# Feather casting.......



## bald9eagle (Oct 26, 2013)

Can anyone answer.....can wild turkey feathers be used? I've read about not using certain feathers due to legality issues. (eagle, songbird, hawk, etc) 

My wife is trying her hand at feather blanks. I would love to get some insight into making these things but it seems like a well kept secret. I have no desire in selling them. I would really just love to make some out of turkey feathers for my hunting buddies.

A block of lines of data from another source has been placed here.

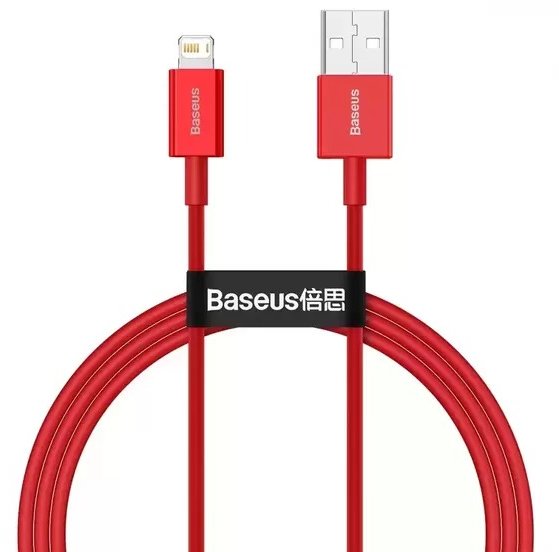 

Baseus Usb Cable to Lightning Super Fast Charging 1m Red (CALYS-A09)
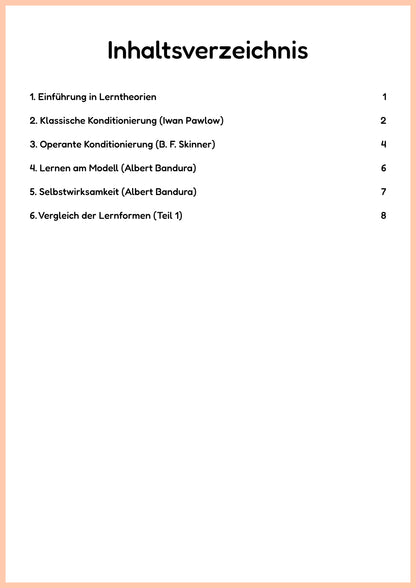 Bundle 5: Beobachtung & Lernmodelle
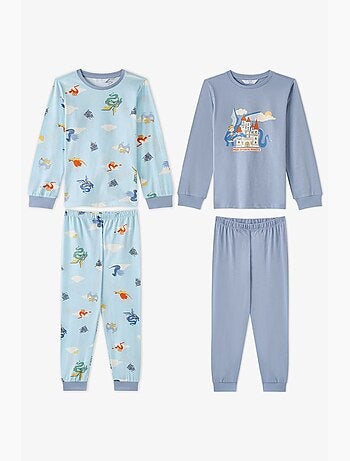 Conjunto de pijama de menino mini dragon riders de manga comprida penti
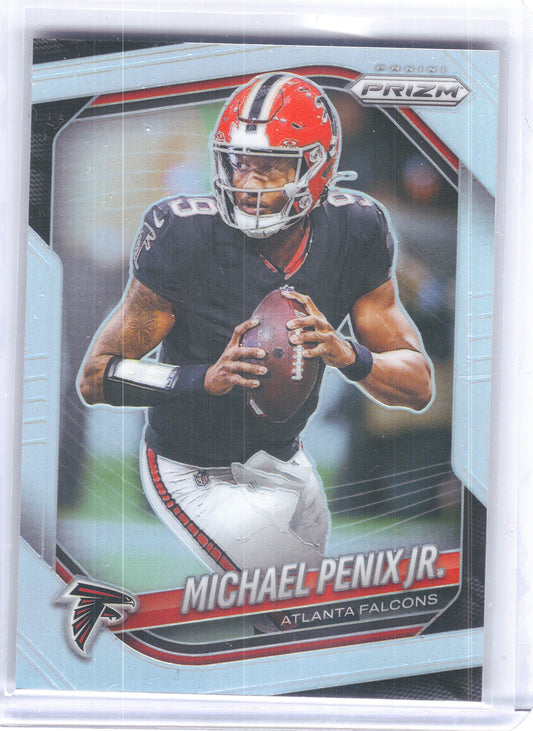 2025 Panini Prizm #56 Michael Penix Jr. Silver Atlanta Falcons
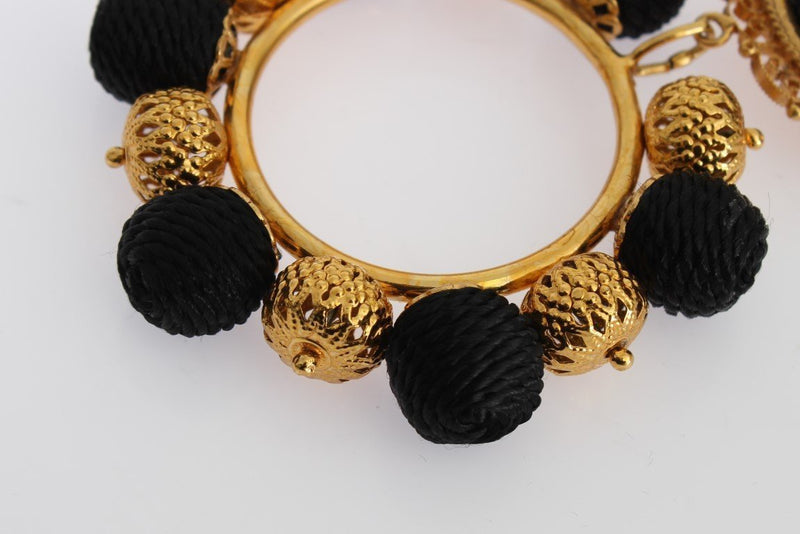 Black Gold Brass NATALE ClipOn Earring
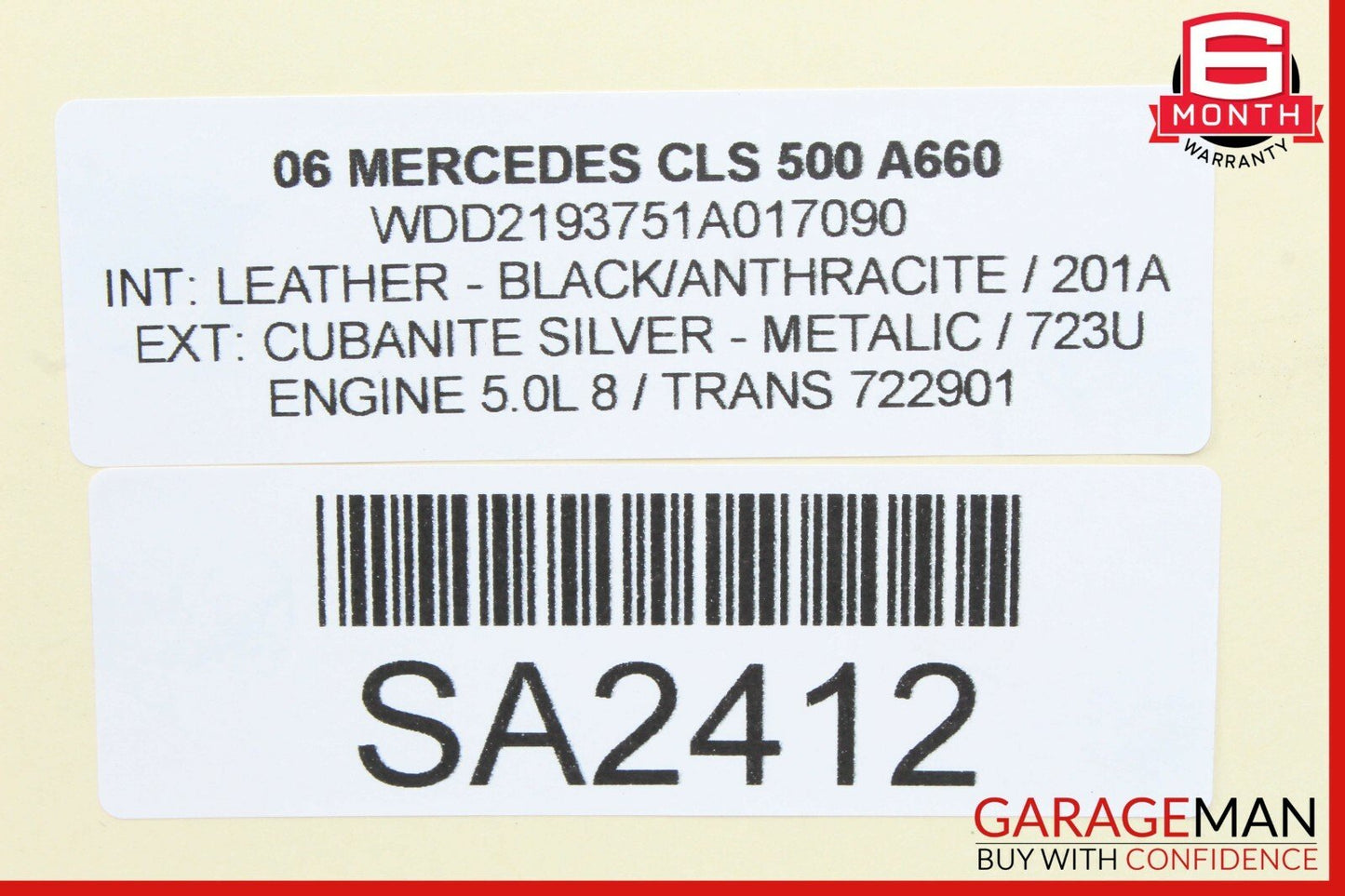 06-11 Mercedes W219 CLS500 Front / Rear Right Side Door Sound Audio Speaker OEM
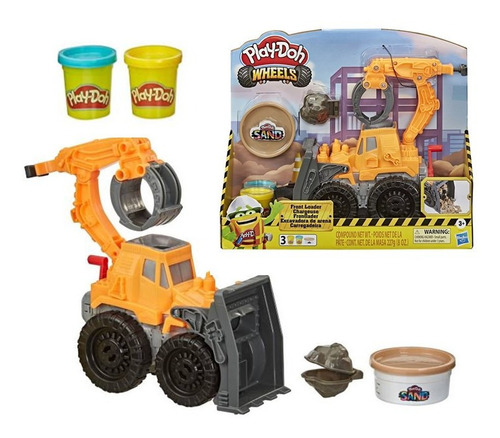 Play-doh Excavadora + 3 Plastilinas Hasbro Descuento -30%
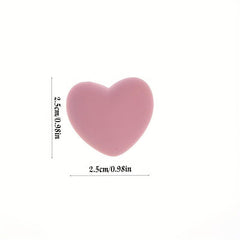 5pcs Heart Shaped Refrigerator Magnets Morandi Love Heart Stickers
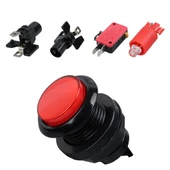 Ayt IC-180J-1 Atari Butonu 12V Ledli Kafa Çapı 24mm Delik Çapı 24mm Anahtar Düğme - 2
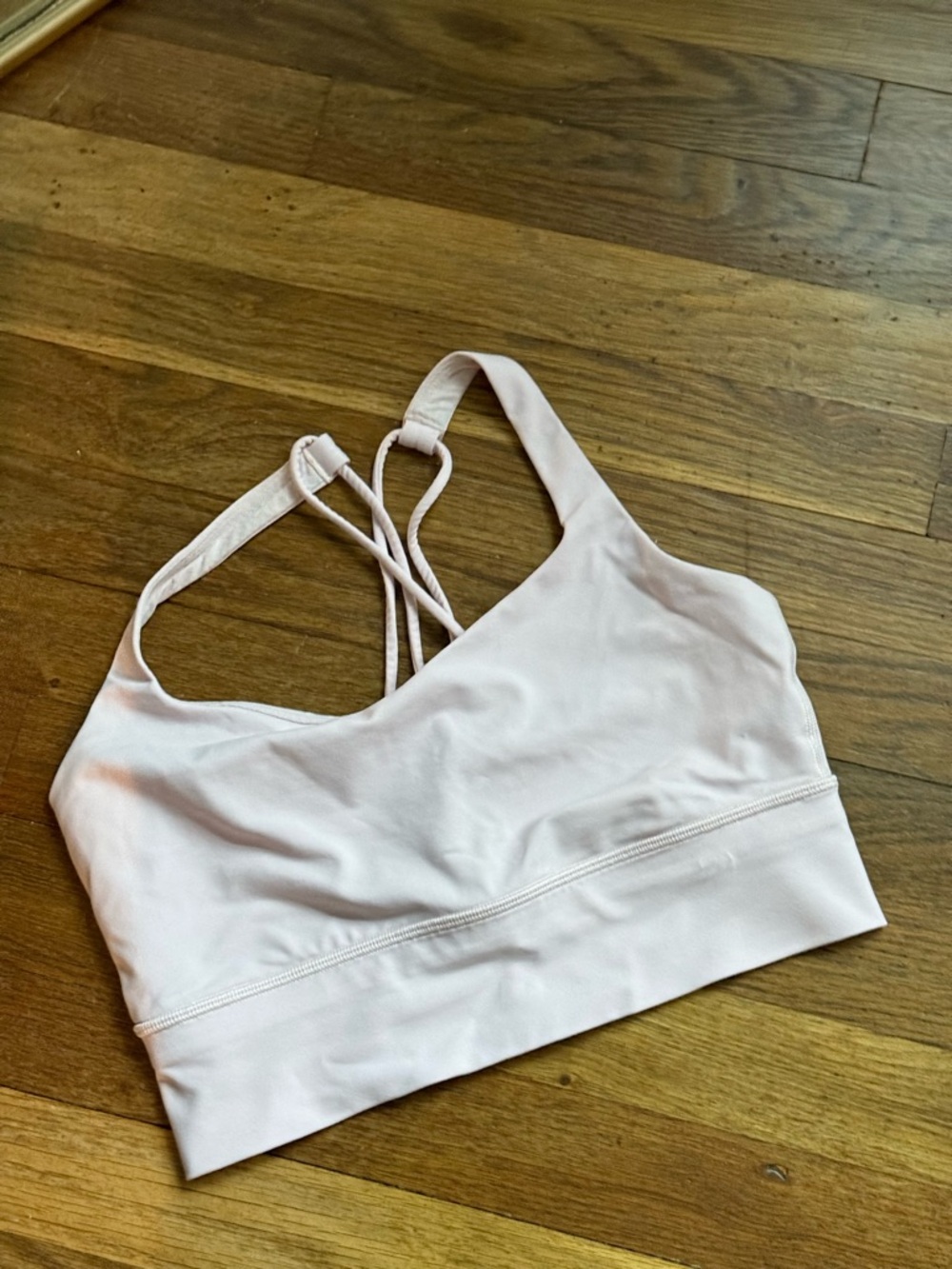 Lululemon light Pink Strappy Sports Bra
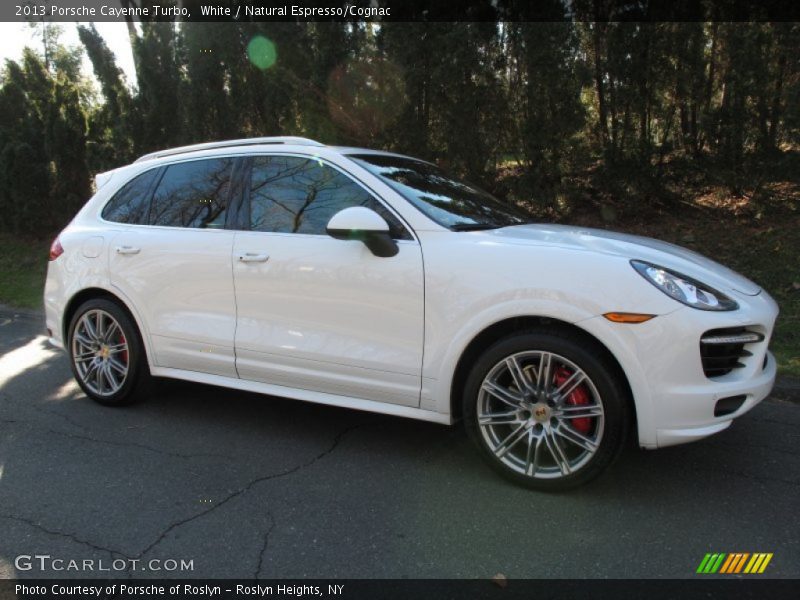 White / Natural Espresso/Cognac 2013 Porsche Cayenne Turbo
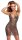 Cottelli PARTY Kleid aus transparentem schwarzem Netz S/M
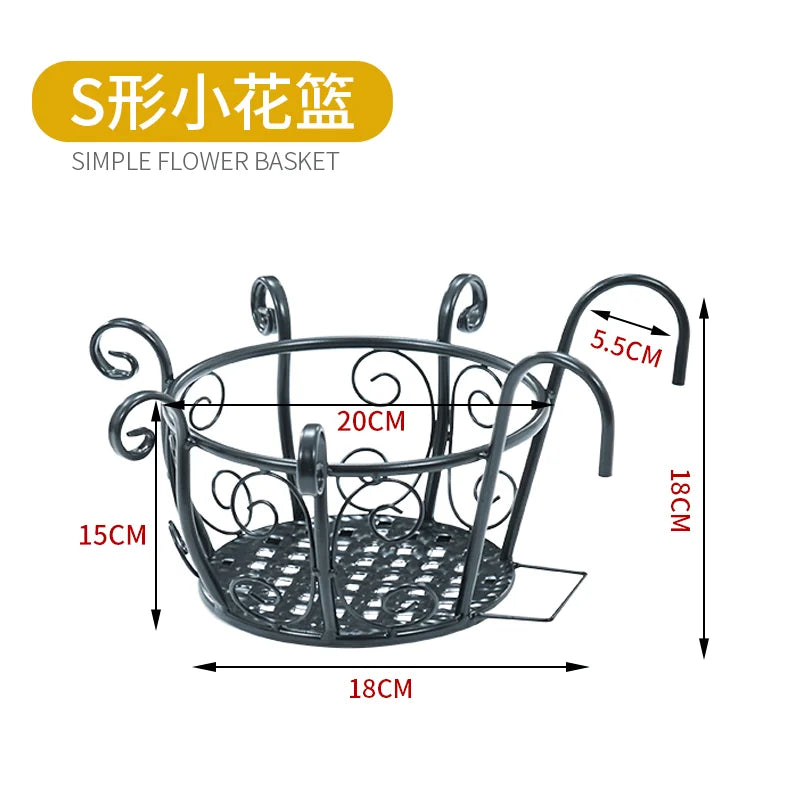 bac fleurs suspendu moderne spirale doré clips noir assemblage métalextérieurintérieurDecorationJardinPlantesSucculentes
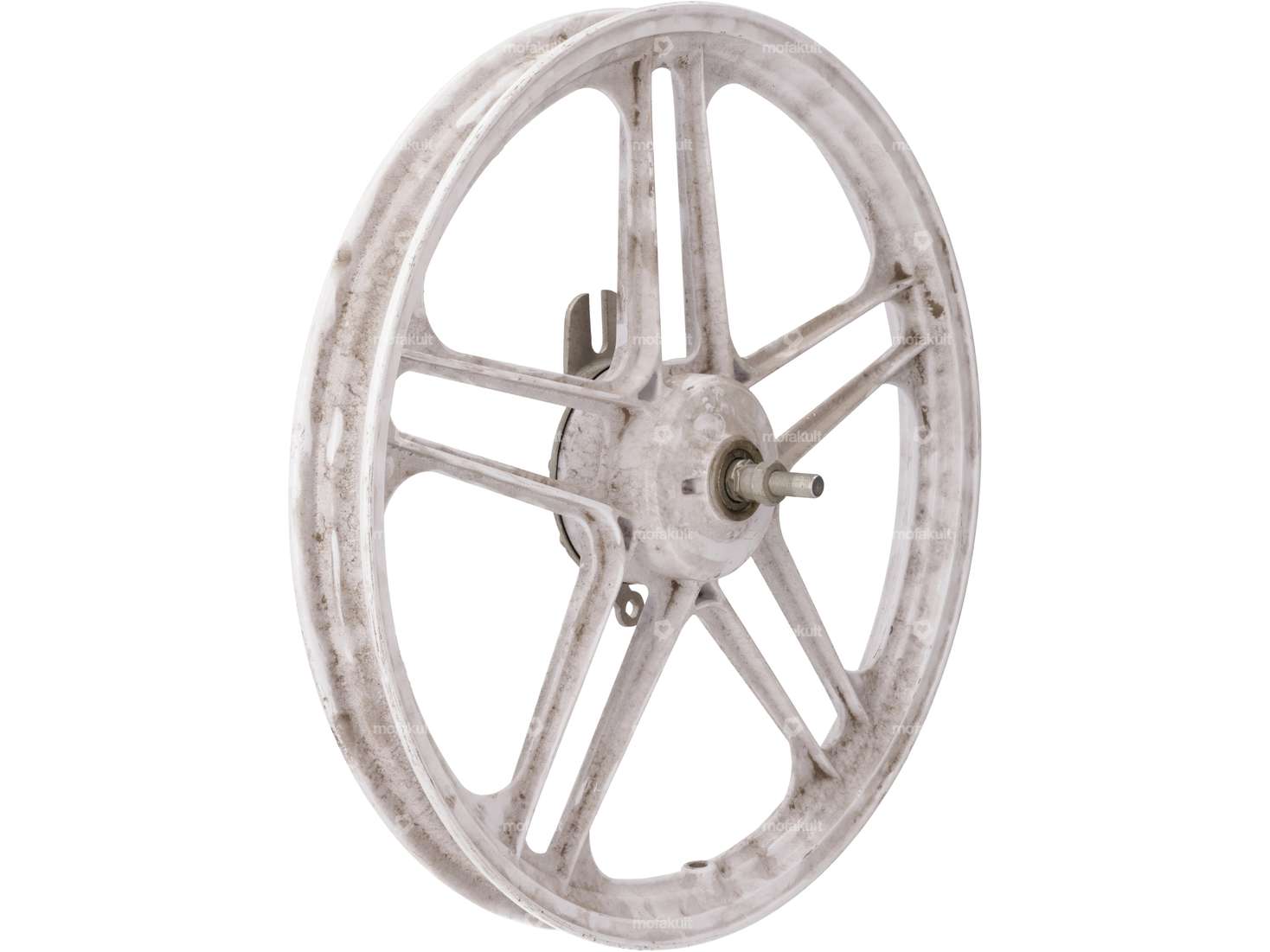 Cerchio Grimeca in alluminio 16" anteriore bianco (5/10 raggi) Carousel Image 2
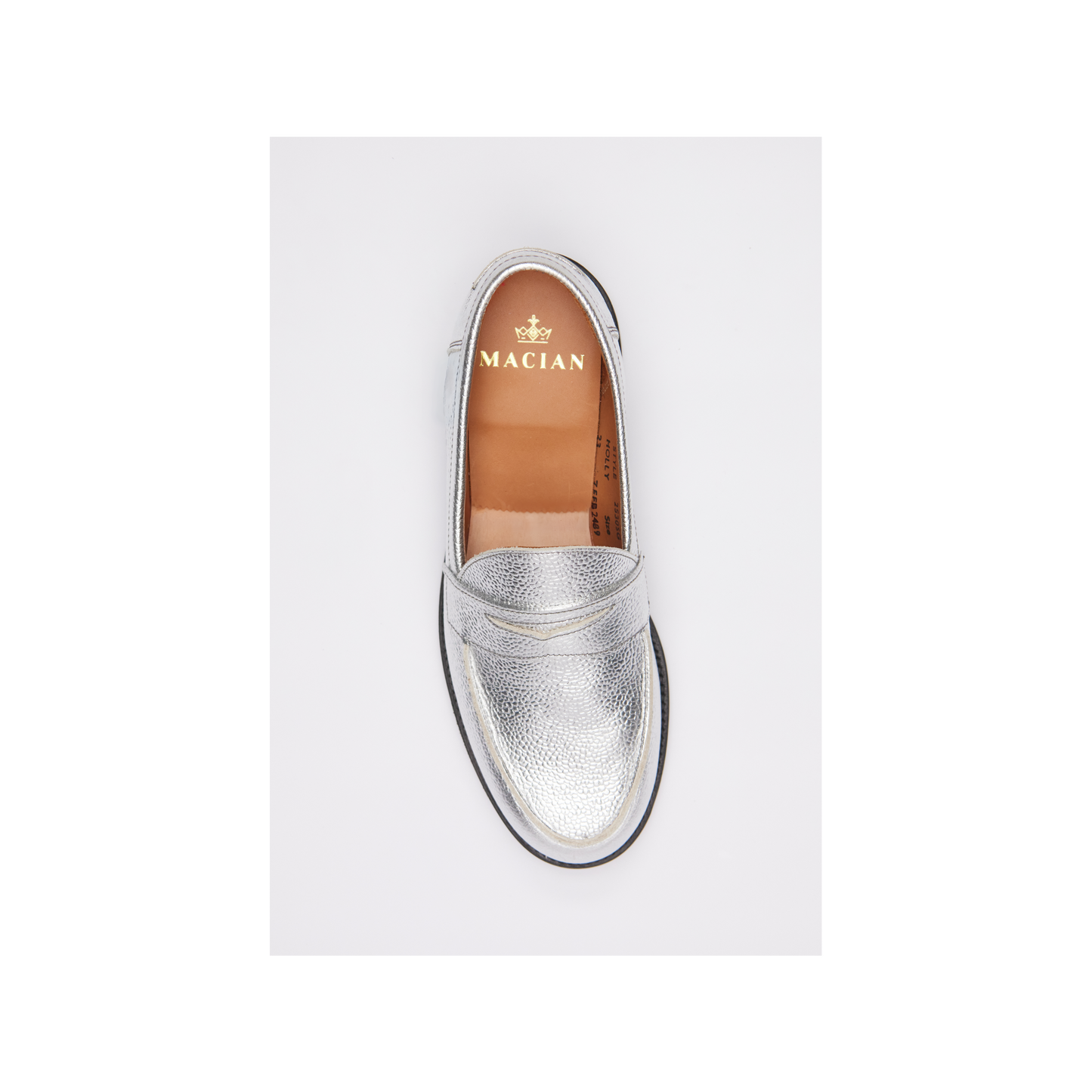 Ludo Penny Loafer - Silver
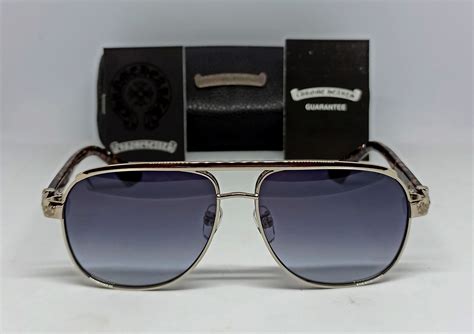 Купить Chrome Hearts очки мужские солнцезащитные серый градиент в ...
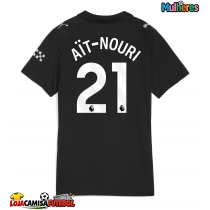 Camisa de Futebol Manchester City Rayan Ait-Nouri #21 Equipamento Secundário Mulheres 2025-26 Manga Curta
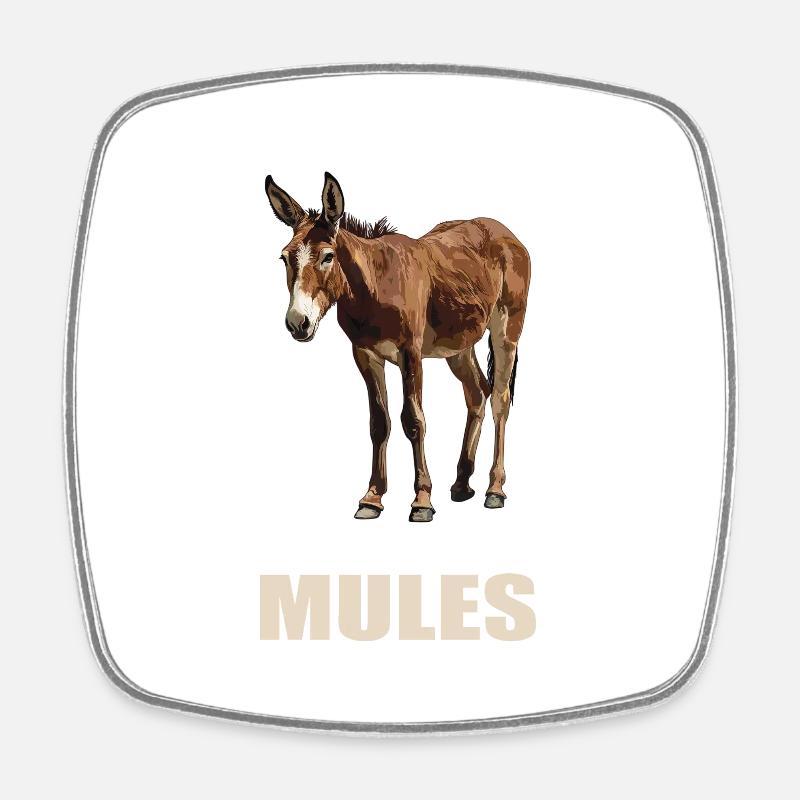 Mules Mule - Magnet carré - blanc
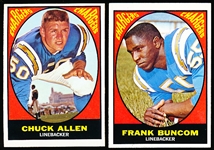 1967 Topps Fb- 11 Diff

I know I will get some better answers over on IAP but I just registered and I'm waiting for the okay to post.


----------



## Bean_counter (Oct 26, 2013)

Hey eagle appears you have a cross country runner in the family. Wild turkey can be cast I have some that were sold to me that came from JohnU (very well known feather caster). As to casting I'm the wrong guy to give advice since I find it easier to just buy them. Hope that helps a bit and look forward to seeing the wifey's work

Reactions: Like 1


----------



## ssgmeader (Oct 27, 2013)

The short answer is yes, I learned awhile back from my Natural History professor that you are required to have certain paperwork (permits) to be in possession of bird feathers, I believe it was the Migratory Bird Act that cover the majority of these regulations. This is to prevent the killing of bird for their plumage. (Why the Passenger Pigeon went extinct) This is covered by federal law and there is a process to applying for permission to collect and own feathers (ALWAYS) carry this paperwork on you, it actually saved my professors butt when he was questioned by a Fish and Game officer when he was found to have multiple feathers in his possession. Start here.

http://www.npwrc.usgs.gov/about/faqs/birds/feathers.htm


----------



## rdabpenman (Oct 29, 2013)

Unless the turkey feathers are quite small and pliable they will be difficult to attach to the pen tube. 

Les


----------